I don’t mean to pick on Dr. Shiller or imply his remarks in the article were meant to be anything but helpful. However, I do find it extraordinary that a Nobel-prize winning economist cannot grasp the economic benefits of doing things for one’s self: cooking, repairing or building, organizing, even entertaining (reading). Just sayin’.
I also find it interesting that of the thousands of potential money-saving tips Dr. Shiller could have suggested, he singled out these four. I could be completely misinterpreting his points, but it seems his ideas of economy are at odds with our ideas of what brings us economic freedom.
Yes, economic freedom. There comes a point where purchasing the goods or services of outside providers is more costly than the slightly larger home space necessary to provides those goods and services for one’s self.
Look, last year we moved from a 3,600 square-foot home to a 1,400 square-foot home. There certainly comes a time in life when downsizing makes sense. But we made sure our new home provided us with enough space to achieve our goals of self-sufficiency. It would be fiscally absurd to give up the space and the things that allow us to live our frugal, non-wasteful lifestyle simply because some economist apparently can’t grasp how having room to do things is more fiscally prudent than hiring someone else to do those things.
When I first read the article, I was inclined to view Dr.
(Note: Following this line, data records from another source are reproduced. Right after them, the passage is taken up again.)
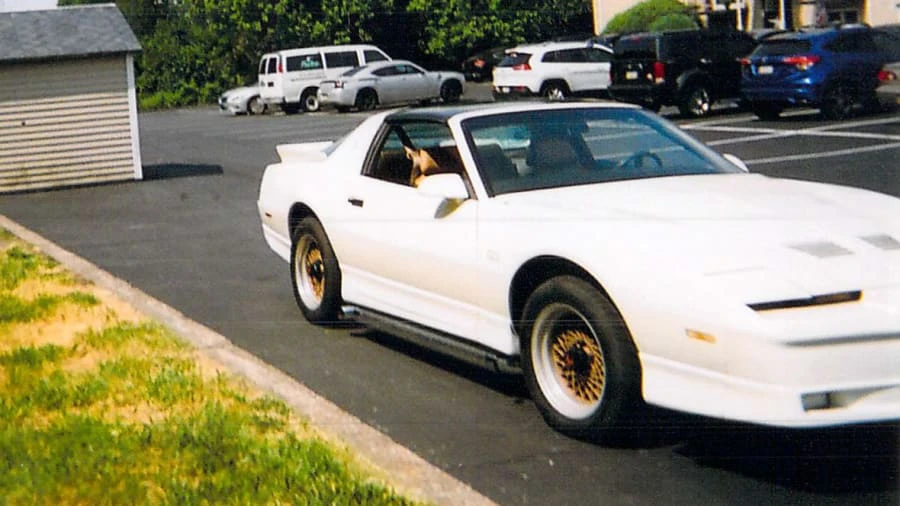1987 Pontiac Firebird Trans Am 3rd Gen - Image 6 of 13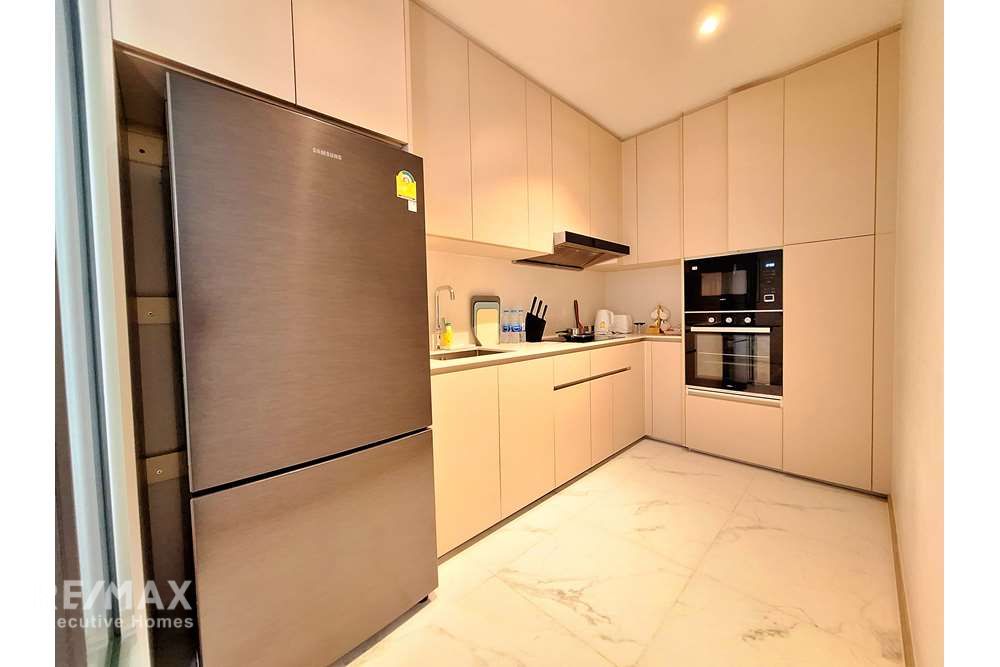 Geräumiges Serviced Apartment mit 2 Schlafzimmern nahe der BTS-Station Bearing. 3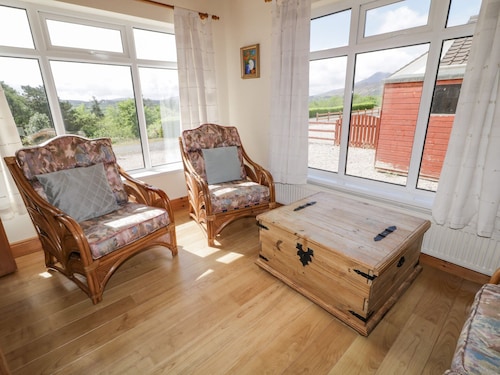 CREESLOUGH VIEW, pet friendly in Creeslough, County Donegal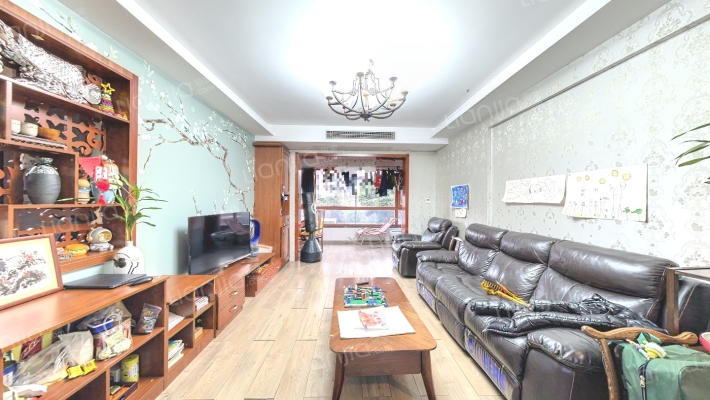 招商依云华府二手房实景图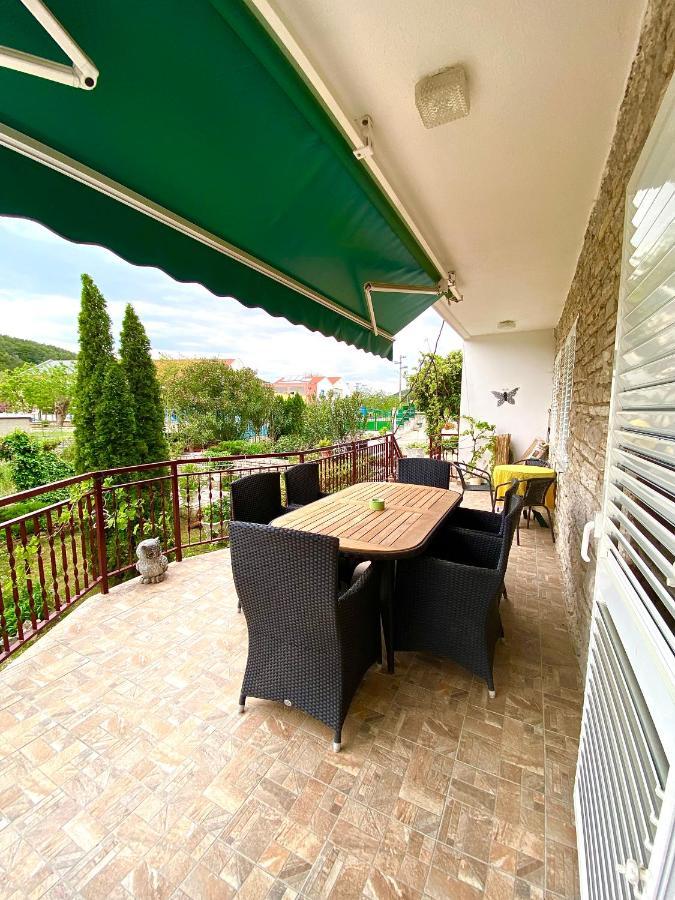 Casa Erceg Amor Vincit Omnia Skradin Bagian luar foto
Shiller’s position with some amusement as the difference between an urban and rural mentality. After all, presumably this Yale professor doesn’t need space to keep livestock or preserve the garden. Possibly Dr. Shiller cannot grasp that some people live in places so thinly populated that the nearest restaurant is many miles away, and food delivery is unheard of.
But the more I thought about it, the more I realized this seemingly innocuous position is indicative of something much deeper and more sinister: Them vs. Us. And not just because readers quickly located Dr. Shiller’s five-bedroom 3,900 square foot luxury home (with, presumably, a gourmet kitchen) in an upscale neighborhood in Connecticut. And not just because readers posted a photo of a smiling Dr. Shiller in his office surrounded by books and filing cabinets.
No, what echoed through my mind is this: You will own nothing, and you’ll be happy.
Already, in the face of supply-chain shortages and skyrocketing gas and energy prices, we are being advised to “lower our expectations.” But is Dr. Shiller lowering his expectations? How about the Clintons? The Bidens? The Obamas? Pick any ivory-tower elite and ask if they’re lowering their expectations.
Ironically, those of us who have the room to grow a garden, preserve food in an adequate kitchen, and do endless DIY projects live far more frugally and economically that the Dr. Shillers of the world can possibly fathom.
But since when does common sense ever enter into the elites’ plan of world domination? Oh yeah: When it’s their sense of what’s best for us commoners.